Nosso planeta – e suas plantas – está clamando por mais indivíduos com mentalidade vegetal. Ajudar a cultivar uma população alfabetizada em plantas é, portanto, um objetivo muito importante, valioso e altamente desejável. O planeta verde estava em posição ideal para contribuir para isso; como um produto baseado em texto, pode-se esperar que o livro adicione verdadeira profundidade e compreensão ao 'plantfest' mais baseado em imagens que foi a série de TV. Infelizmente, ao excluir fontes, Barnes perdeu uma oportunidade de ouro de capitalizar o interesse pelas plantas que a série de TV ajudou a gerar e fazer sua parte na construção de um público com conhecimento botânico.
Resumo
O planeta verde by Simon Barnes é legendado A vida secreta das plantas.* Este é um reconhecimento de que a vida das plantas é em grande parte secreta para muitos de nós que compartilhamos seu planeta. Esperançosamente, o livro de Barnes e a série de TV da BBC que o acompanha ajudarão a compartilhar esses segredos com um público mais amplo que passará a apreciar mais as plantas. E, talvez – apenas talvez – as pessoas vejam as plantas com respeito e admiração renovados e, como resultado, cuidem delas um pouco melhor. Se O planeta verde desempenha seu papel na melhoria da alfabetização botânica do público, isso será um bom resultado. Se uma nova versão do livro pudesse ser produzida com base em evidências, seria um resultado brilhante [estou sempre interessado em discutir projetos baseados em plantas]…
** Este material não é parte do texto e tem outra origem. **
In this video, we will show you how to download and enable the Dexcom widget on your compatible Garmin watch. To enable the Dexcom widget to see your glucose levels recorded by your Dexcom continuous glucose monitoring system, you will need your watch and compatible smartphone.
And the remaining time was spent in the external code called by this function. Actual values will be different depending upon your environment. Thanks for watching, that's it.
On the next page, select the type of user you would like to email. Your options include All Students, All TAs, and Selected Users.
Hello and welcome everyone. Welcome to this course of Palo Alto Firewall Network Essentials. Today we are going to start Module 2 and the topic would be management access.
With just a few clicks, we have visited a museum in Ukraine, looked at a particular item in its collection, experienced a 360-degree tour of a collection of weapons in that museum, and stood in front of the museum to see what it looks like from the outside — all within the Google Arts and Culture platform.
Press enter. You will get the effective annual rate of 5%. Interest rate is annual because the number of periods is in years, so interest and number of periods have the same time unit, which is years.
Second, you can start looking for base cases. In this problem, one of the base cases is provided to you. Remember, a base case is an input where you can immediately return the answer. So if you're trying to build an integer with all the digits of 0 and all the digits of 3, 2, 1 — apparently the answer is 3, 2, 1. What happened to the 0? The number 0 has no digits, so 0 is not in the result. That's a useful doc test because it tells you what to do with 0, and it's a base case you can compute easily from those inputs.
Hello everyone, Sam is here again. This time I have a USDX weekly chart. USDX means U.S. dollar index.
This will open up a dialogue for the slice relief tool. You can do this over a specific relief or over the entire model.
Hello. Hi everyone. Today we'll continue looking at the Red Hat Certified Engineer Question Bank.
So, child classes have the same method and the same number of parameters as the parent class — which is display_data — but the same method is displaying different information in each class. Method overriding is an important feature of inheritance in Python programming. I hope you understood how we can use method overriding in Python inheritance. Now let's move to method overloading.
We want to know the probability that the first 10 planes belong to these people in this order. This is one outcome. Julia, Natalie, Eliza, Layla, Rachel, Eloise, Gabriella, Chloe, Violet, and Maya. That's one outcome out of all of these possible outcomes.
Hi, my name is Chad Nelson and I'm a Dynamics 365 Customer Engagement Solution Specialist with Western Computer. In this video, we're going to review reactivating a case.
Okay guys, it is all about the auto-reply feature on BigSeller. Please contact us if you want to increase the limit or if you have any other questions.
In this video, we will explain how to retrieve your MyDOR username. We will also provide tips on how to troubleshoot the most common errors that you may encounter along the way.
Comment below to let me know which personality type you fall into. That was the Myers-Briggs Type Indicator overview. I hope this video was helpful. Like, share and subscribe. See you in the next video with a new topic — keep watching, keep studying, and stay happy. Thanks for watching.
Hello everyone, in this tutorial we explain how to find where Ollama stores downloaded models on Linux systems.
* O que não deve ser confundido com A vida secreta das plantas por Peter Tompkins e Christopher Bird, um completamente livro diferente sobre plantas (Elsa primeiro) ...
** Muitas outras definições de BBC estão disponíveis, consulte aqui..
*** Só consegui encontrar quatro casos em que foram fornecidos nomes científicos completos de plantas. O primeiro foi raposa beije-nosfera (Reza Raihandhany & Adhityo Wicaksono, Jornal Filipino de Ciências 151 (1): 205-213, 2022) (um cacto raramente encontrado em “partes da África e no Sri Lanka” (p. 101)). O segundo foi Ceratocário argentoteum (Pablo Gómez Barreiro) (“uma espécie de grama com um estilo de vida inteligente” (p. 178)). terceiro foi Macarênia clavigera (Dylan Baddor; Murray Carpinteiro) (cujo “desafio mais óbvio é agarrar-se às rochas ao longo do ano” (p. 204)). Pois nenhum desses três Barnes nos diz se eles têm nomes comuns ou não – eles certamente não são mencionados se tiverem. A quarta instância é Furcraia Parmentieri, onde Barnes tem que usar o nome científico porque “A planta não tem nome comum” (p. 302). Ocasionalmente, apenas o gênero foi mencionado (ex. domodiio (“a ervilha pegajosa de Madagascar” (p. 69))). Na maioria das vezes, apenas um nome comum foi mencionado no texto.
**** Infelizmente, há um pequeno problema aqui. A menos que você já conhecesse o CAM, provavelmente não identificaria esse erro, o que torna esse tipo de 'fato incorreto' difícil de lidar. Evitar a inclusão de declarações errôneas depende, em grande parte, de quão escrupuloso o autor é ao verificar os fatos para garantir que o que é apresentado esteja correto (ou seja o mais preciso possível após a devida diligência). Mas, pelo menos com a(s) fonte(s) declarada(s), o leitor cético tem a oportunidade de estabelecer o quão correta é a afirmação.